I tend to listen to whatever seems to resonate with my mood as I am working on a section. So for instance, what I was listening to today was a playlist that included Dire Straits, Bonnie Tyler, Guns N Roses, Eagles, Dixie Chicks, Lenka, Blue Oyster Cult, Bon Jovi, Damien Rice, Days of the New, AC DC . . . The other day I was listening to The Phantom of the Opera and Les Miserables and Loreena Mckennit. And a couple of days ago it was Rush and the best of the Cirque de Soleil.
The conditions I need best to write is to be alone. I don’t do that well in public writing spaces and the kids want to talk to me every minute or two if they are with me. Summer vacation is coming up—I’ll be getting up well before the kids in order to write I think. I am not a morning person. This will be fun . . .
A producer has optioned the Crosspointe stories for a major Hollywood blockbuster, and he wants you to run the casting! So who will you hire for the roles?
What a fun question! If only it were true. But let me think a moment . . .
It’s an allstar cast . . . money is no object, right? Right?

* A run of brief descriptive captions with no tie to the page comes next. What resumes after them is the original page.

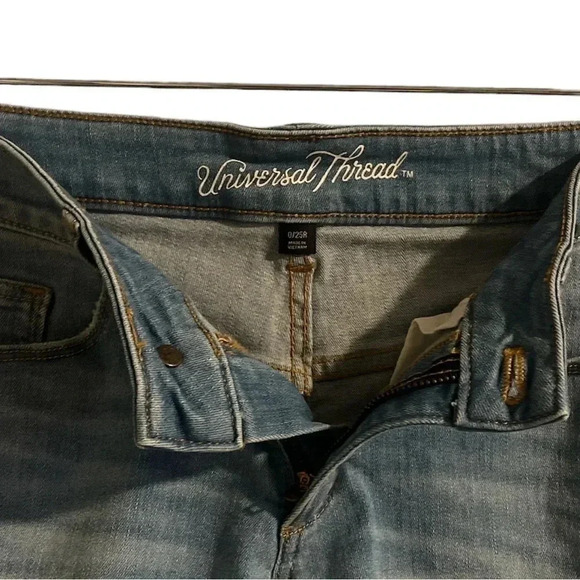 Universal Thread Jean Shorts, Mid Rise Midi - Size 0/25R - Picture 3 of 3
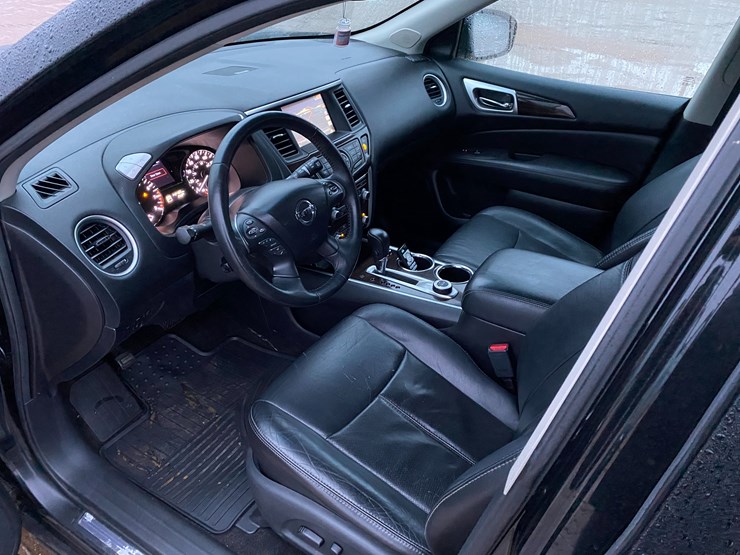2014-nissan-pathfinder-image-29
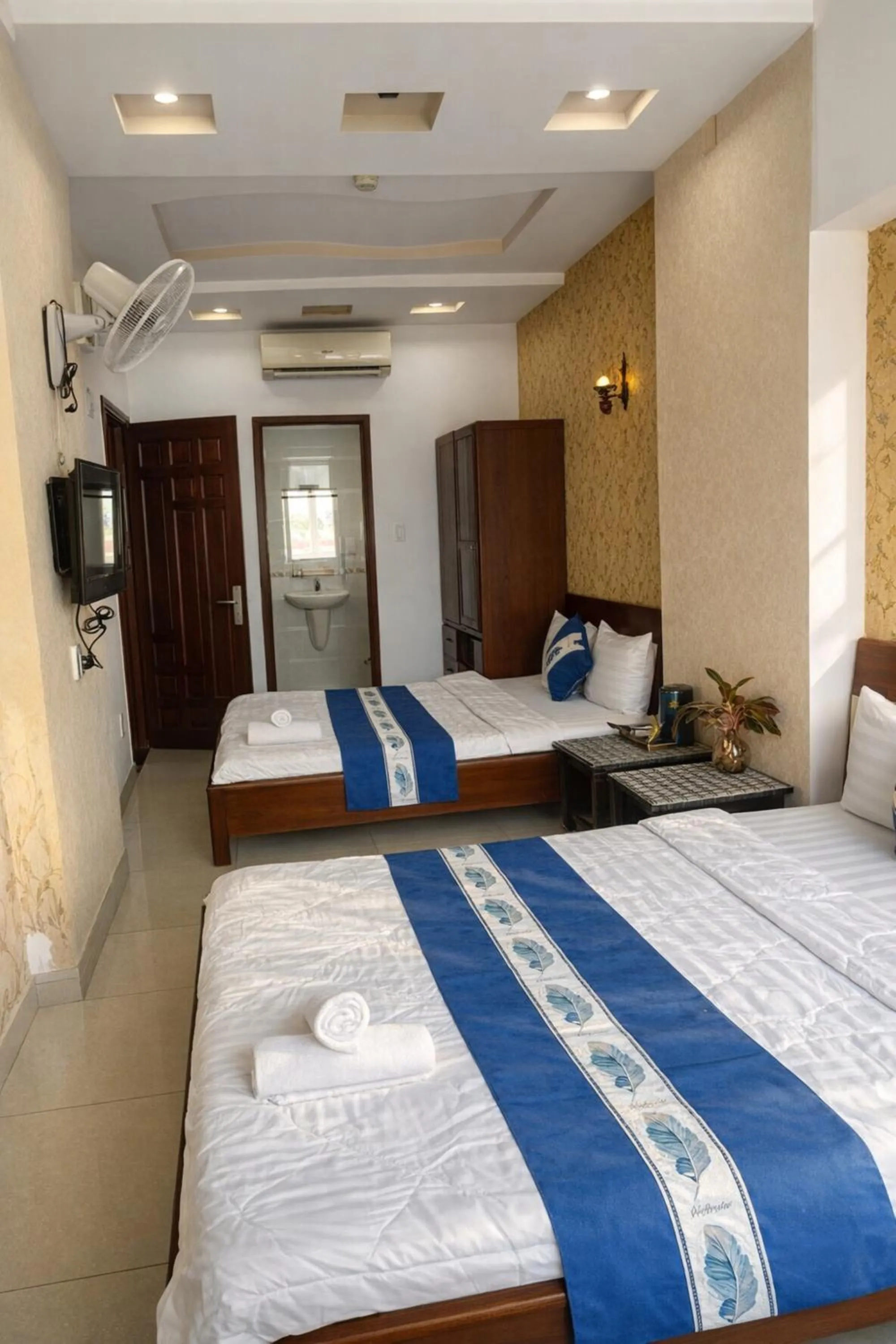 Photo of the whole room, Bed in Quang Huy Hotel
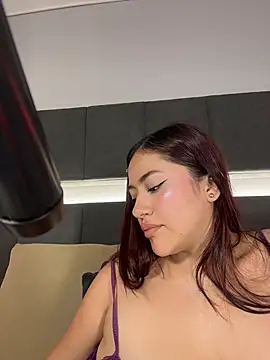 nicolle_pierce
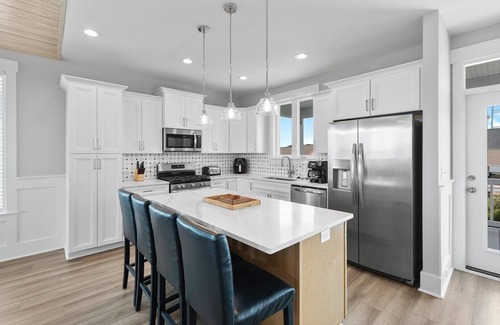 Long Beach Casa | Brand New 5BR 4.5BA House, Ocean Views, Pool, Elevator, Event Home, Sleeps 14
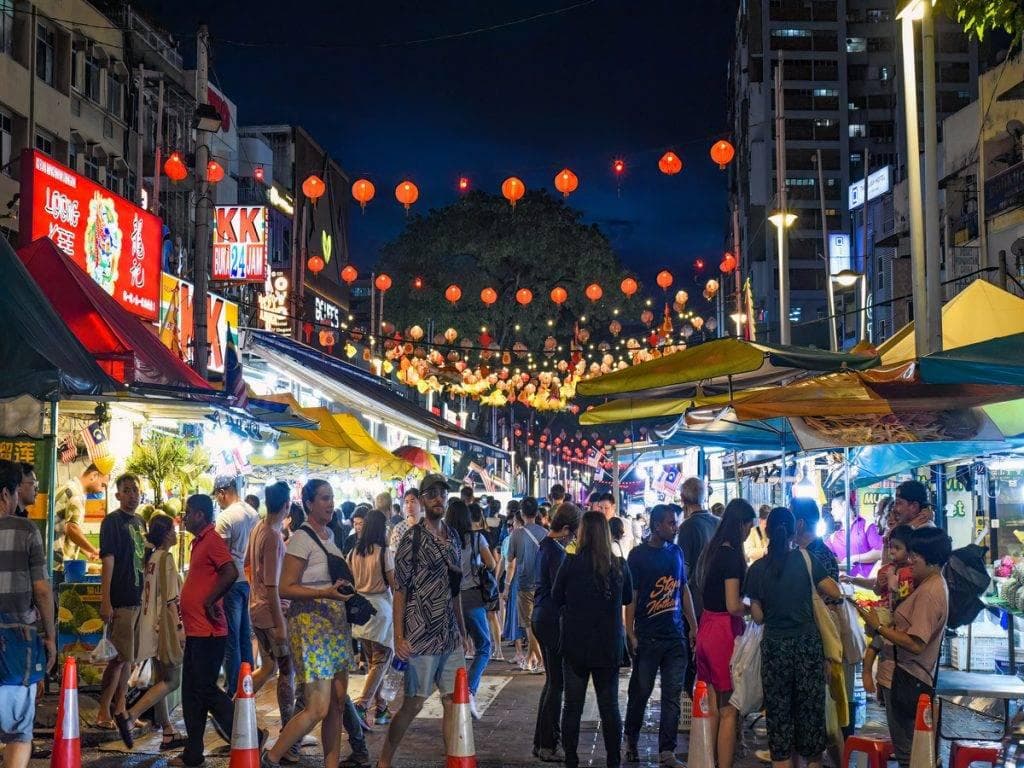 吉隆坡夜市2025！营业时间/交通/10大必吃美食推荐！亚罗街夜市/康乐夜市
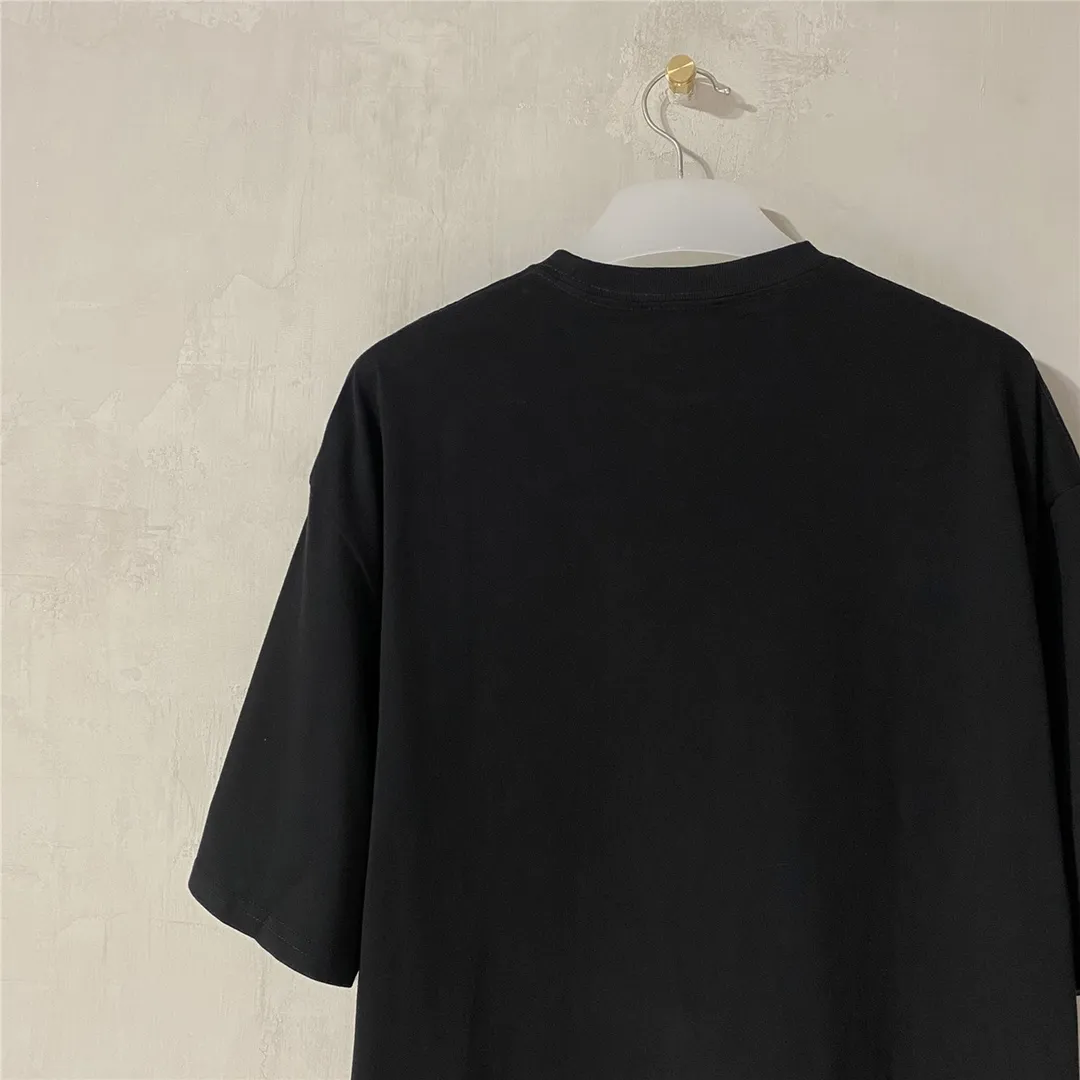 [Top tested version] Balenciag Balenciag rainbow 🌈 embroidered gradient wheat short sleeves. The original version is consistent with 32S. 280 grams of fabric. The printing process is embroidered first. White cotton yarn is used as the embroidery base, and then digitally printed on the embroidery. High-density 10,000-needle embroidery blends the brightness and saturation of the color of the letters. Full set of packaging. Guaranteed accessories. Packaging. Glossy paper. Main label. Wash water mark. Lanyard. Tag. Pin. Same as the counter Color: Black Size: XS-L P:270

These still don’t quite hit on the characters as I picture them. But close, at least in personality, if not in looks. Did I leave anyone out?
Lucy: Julia Stiles
Sarah: Kate Beckinsale or Charlize Theron
Lucy’s Mother: Sigourney Weaver
Sharpel: Cliff Simon
Marten: Kevin McKidd
Jordan: Skeet Ulrich
Edgar: Liam Neeson
Alistair: Robert Picardo (Woolsey on Stargate Atlantis)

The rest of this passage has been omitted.